• _WHAT YOU NEED TO DO_:
Retype exactly the stretch of lines that begins at the line containing "421 Bellaire Dr, Woodway, TX 76712" and ends at the last line of the data, with no other lines.

START MATERIAL FOR THIS TASK

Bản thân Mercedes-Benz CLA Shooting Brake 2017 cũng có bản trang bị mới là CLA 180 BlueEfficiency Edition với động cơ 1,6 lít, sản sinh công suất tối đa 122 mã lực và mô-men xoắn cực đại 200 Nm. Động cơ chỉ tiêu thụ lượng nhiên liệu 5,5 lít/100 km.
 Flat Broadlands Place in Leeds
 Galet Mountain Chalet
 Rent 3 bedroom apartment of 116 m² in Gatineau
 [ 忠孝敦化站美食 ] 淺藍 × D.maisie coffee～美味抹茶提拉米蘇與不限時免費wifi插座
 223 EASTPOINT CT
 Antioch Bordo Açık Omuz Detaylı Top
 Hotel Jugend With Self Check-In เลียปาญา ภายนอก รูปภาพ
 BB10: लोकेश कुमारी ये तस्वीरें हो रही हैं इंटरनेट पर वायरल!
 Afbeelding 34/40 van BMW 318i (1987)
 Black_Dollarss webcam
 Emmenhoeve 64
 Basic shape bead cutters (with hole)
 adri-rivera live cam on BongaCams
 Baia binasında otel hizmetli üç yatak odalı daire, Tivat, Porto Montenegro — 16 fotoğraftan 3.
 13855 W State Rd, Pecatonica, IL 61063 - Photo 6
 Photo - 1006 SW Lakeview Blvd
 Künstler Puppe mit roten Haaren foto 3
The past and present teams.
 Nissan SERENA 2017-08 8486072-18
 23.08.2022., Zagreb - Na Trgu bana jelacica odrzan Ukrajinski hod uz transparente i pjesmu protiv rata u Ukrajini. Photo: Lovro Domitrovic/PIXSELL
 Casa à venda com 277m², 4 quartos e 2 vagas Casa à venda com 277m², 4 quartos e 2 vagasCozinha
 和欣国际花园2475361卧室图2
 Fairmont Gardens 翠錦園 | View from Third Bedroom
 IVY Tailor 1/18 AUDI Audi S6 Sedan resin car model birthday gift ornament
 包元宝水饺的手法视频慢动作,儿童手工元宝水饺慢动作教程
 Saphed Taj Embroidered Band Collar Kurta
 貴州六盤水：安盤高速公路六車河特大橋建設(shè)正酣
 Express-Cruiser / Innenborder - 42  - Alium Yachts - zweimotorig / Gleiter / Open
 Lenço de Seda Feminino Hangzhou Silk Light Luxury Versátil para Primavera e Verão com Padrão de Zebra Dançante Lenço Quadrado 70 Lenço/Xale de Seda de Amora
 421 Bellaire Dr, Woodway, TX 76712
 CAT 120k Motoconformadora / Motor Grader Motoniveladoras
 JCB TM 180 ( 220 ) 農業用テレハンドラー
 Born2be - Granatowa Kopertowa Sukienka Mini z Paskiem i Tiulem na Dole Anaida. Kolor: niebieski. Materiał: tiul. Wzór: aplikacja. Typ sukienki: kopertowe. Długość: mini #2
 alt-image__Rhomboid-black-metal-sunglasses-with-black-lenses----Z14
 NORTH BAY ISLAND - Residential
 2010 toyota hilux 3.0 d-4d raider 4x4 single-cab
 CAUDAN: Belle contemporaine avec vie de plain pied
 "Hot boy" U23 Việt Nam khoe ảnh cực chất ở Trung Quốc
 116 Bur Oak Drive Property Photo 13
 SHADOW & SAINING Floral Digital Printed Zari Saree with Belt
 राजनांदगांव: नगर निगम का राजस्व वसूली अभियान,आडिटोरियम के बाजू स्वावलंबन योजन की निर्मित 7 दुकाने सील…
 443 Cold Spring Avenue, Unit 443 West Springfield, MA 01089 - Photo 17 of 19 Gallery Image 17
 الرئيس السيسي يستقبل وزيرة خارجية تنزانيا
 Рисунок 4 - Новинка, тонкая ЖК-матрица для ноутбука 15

END MATERIAL FOR THIS TASK

• _SOLUTION_:
 421 Bellaire Dr, Woodway, TX 76712
 CAT 120k Motoconformadora / Motor Grader Motoniveladoras
 JCB TM 180 ( 220 ) 農業用テレハンドラー
 Born2be - Granatowa Kopertowa Sukienka Mini z Paskiem i Tiulem na Dole Anaida. Kolor: niebieski. Materiał: tiul. Wzór: aplikacja. Typ sukienki: kopertowe. Długość: mini #2
 alt-image__Rhomboid-black-metal-sunglasses-with-black-lenses----Z14
 NORTH BAY ISLAND - Residential
 2010 toyota hilux 3.0 d-4d raider 4x4 single-cab
 CAUDAN: Belle contemporaine avec vie de plain pied
 "Hot boy" U23 Việt Nam khoe ảnh cực chất ở Trung Quốc
 116 Bur Oak Drive Property Photo 13
 SHADOW & SAINING Floral Digital Printed Zari Saree with Belt
 राजनांदगांव: नगर निगम का राजस्व वसूली अभियान,आडिटोरियम के बाजू स्वावलंबन योजन की निर्मित 7 दुकाने सील…
 443 Cold Spring Avenue, Unit 443 West Springfield, MA 01089 - Photo 17 of 19 Gallery Image 17
 الرئيس السيسي يستقبل وزيرة خارجية تنزانيا
 Рисунок 4 - Новинка, тонкая ЖК-матрица для ноутбука 15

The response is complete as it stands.